Richards frequently changes sales tactics in response to pricing information. “I look at pricing, but I’m not often surprised by what I learn, because there are not that many levers you can pull. A small company will often give product away to get in the door; the pricing will be really aggressive. Bigger companies will [price] significantly higher than the small guy.
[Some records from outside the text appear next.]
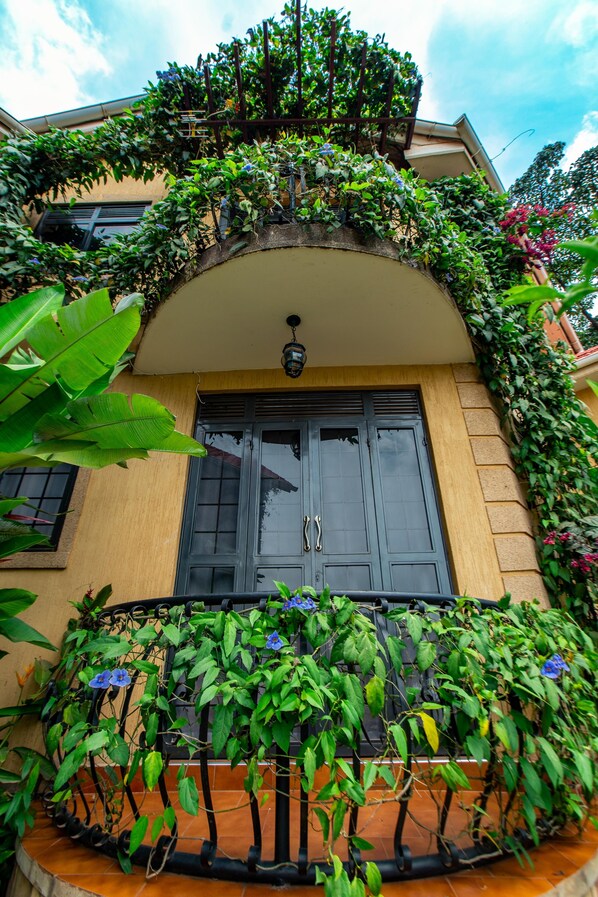 Front of property - Villa Karibu (Kampala)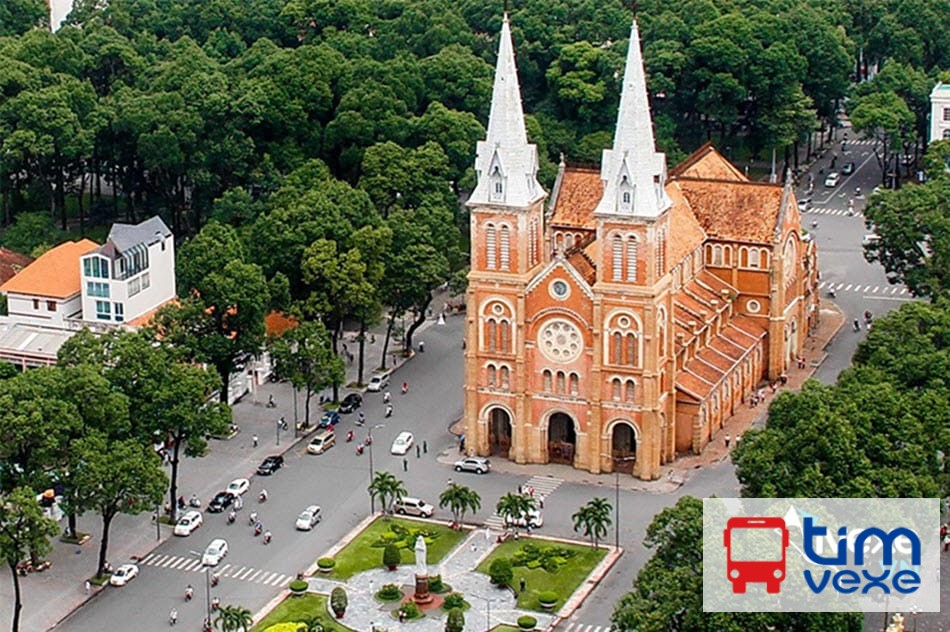 Đặt vé xe từ Sài Gòn đi Hà Nội uy tín, tiện lợi nhất hiện nay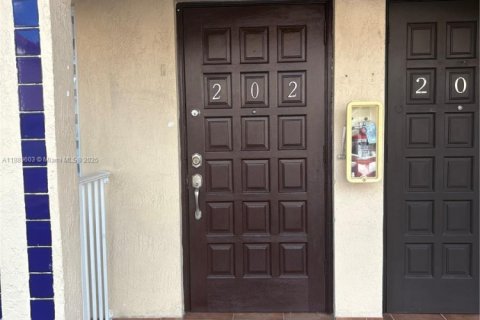 Copropriété à louer à Hialeah, Floride: 2 chambres, 89.19 m2 № 1938737 - photo 2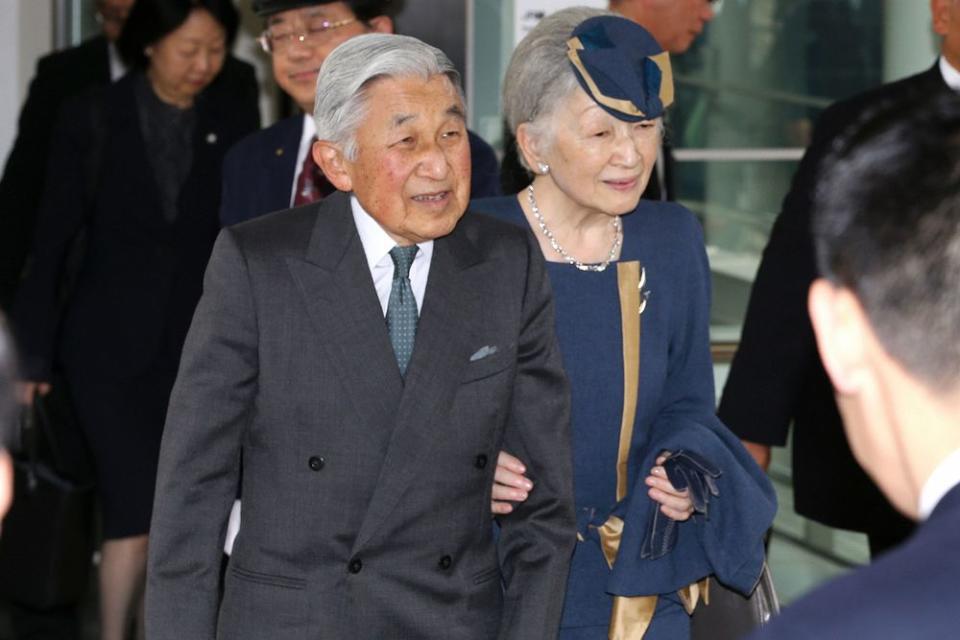 Japan's Emperor Akihito, 85, Abdicates Throne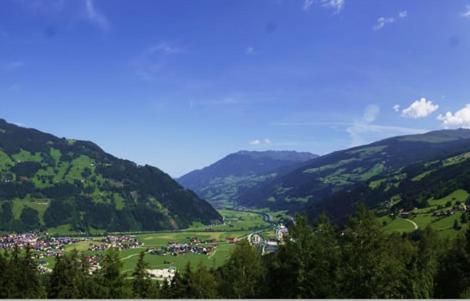 Landhaus Alpenjaeger Hainzenberg Exteriör bild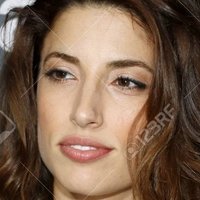 Tania Raymonde Çıplak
We know we won’t be undercut by the big guy.”
“I look for a successful competitor that has a price model that works—ideally, someone bigger than us who is in our space," Richards says. "Then we can drop our price by comparison.”
Chat Up Suppliers
At a fashion industry trade show, Sarah Carson spotted one of her company’s fabrics in a competitor’s booth. “That was a wakeup call to me about how I needed to handle my intellectual property moving forward,” says the founder of Leota, a New York-based dressmaker. “I realized I needed to change direction with who was manufacturing our products.” Carson maintains a close relationship with her vendors, and that helps her gather ongoing competitive intelligence.
Carson shops her competitors regularly, but also chats up her manufacturers and suppliers. “I talk to my fabric mills about trending fabrications and price points they are seeing for a particular fabric item,” Carson says.
She is careful to position her questions to ask about the general industry and not specific competitors (who may have required suppliers to sign a nondisclosure agreement). “There is a lot of helpful information that can be shared without violating the trust of vendors,” she says.
Cast a Wide Net
Kara Goldin, founder of San Francisco-based Hint Water, follows general food trends and new products being introduced—and not just in beverages.
“My customer is really moving away from sweeteners and wanting cleaner ingredients,” she says. Goldin can see that trend in energy bars and other foods at trade shows and in groceries. “I try to look for products that might be something outside beverage that would fit that description,” she says. “I start to see more holistically who is my customer, how she is thinking about things and how can I stay close to her.”
Another source for industry trends is following market investments, according to Carson, who has a background in investment banking. “If you look at what the private equity firms are investing in, who is going public, that will tell you where the market is,” she says. “That means some of the smartest people in the industry see growth in that area.”
Listen to Customers
Ultimately, no competitive intelligence practice may be as effective as simply listening to customers. Small-business owners suggest leading with this tactic, staying aligned with your customers’ needs, and your competitive strategy will naturally balance.
“I think the most successful business owners focus on themselves and how to be the best rather than looking over their shoulder,” Carson says. “I don’t spend too much time [on competitive intelligence]. It can be a waste of energy. Of course we want to be industry savvy, and we need to know what’s going on in the market. But the true way to differentiate is by doing your own thing.”
If your industry feels too cutthroat, then it may be up to you to back away. For example, you may choose only a few key competitive elements to monitor for your particular business, like pricing, product materials or market positioning. If you limit the time you spend analyzing your competitors, you can free up more time to focus on building your own brand.